Sunday, 1 May 2016

Commercial Profit

Commercial or Merchant Profit, as the name suggests, is the profit obtained by merchant's capital, including money-dealing capital. As with other forms of revenue such as interest, rent and profit of enterprise, its nature varies according to the mode of production.

As Engels, in particular, describes, in his Supplement to Capital Volume III, in pre-capitalist modes of production, the rate of merchant's profit is often determined by guilds and other forms of monopoly.

“Here, for the first time, we meet with a profit and a rate of profit. The merchant's efforts are deliberately and consciously aimed at making this rate of profit equal for all participants. The Venetians in the Levant, and the Hanseatics in the North, each paid the same prices for his commodities as his neighbour; his transport charges were the same, he got the same prices as every other merchant of his "nation". Thus, the rate of profit was equal for all.”

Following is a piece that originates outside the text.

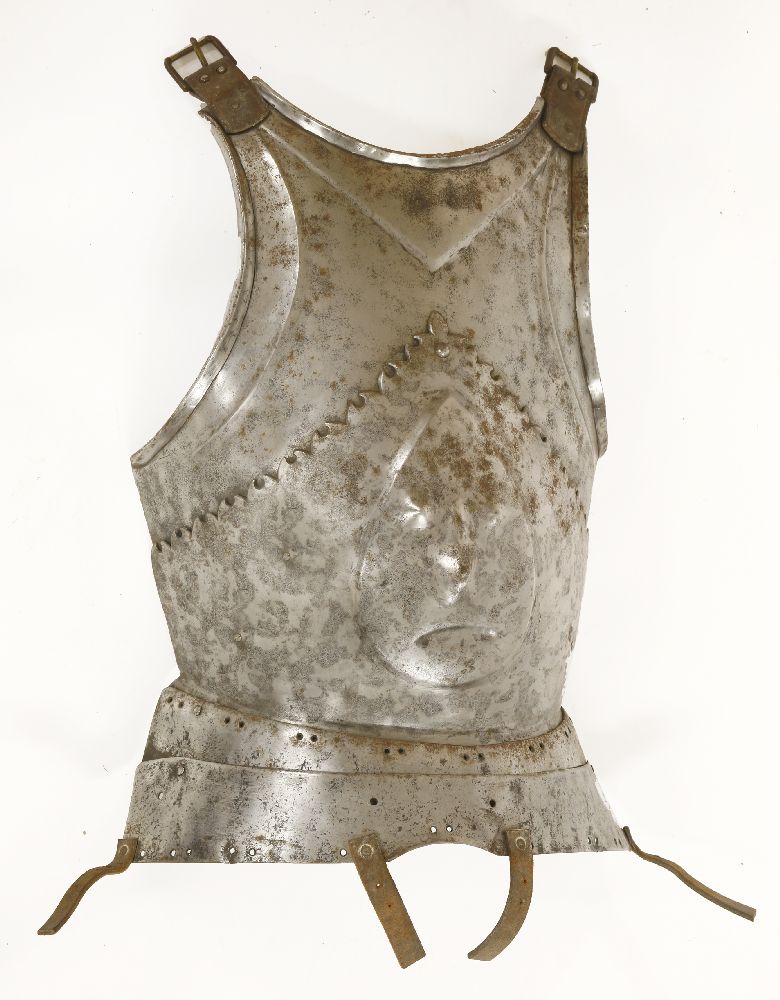 A Milanese breastplate,late 15th century, with prominent human mask to centre and two stamped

These rates of profit were high, and in some cases this high rate of profit even undermined the ability of producers to reproduce their own labour-power let alone produce a profit. As Marx describes, it leads in pre-capitalist societies to a reduction of producers to slavery. As trade expands internationally, an average commercial profit is established as a consequence of competition between these different monopolies.

“Equalization of these different company profit rates took place in the opposite way, through competition. First, the profit rates of the different markets for one and the same nation. If Alexandria offered more profit for Venetian goods than Cyprus, Constantinople, or Trebizond, the Venetians would start more capital moving towards Alexandria, withdrawing it from trade with other markets. Then, the gradual equalization of profit rates among the different nations, exporting the same or similar goods to the same markets, had to follow, and some of these nations were very often squeezed to the wall and disappeared from the scene.”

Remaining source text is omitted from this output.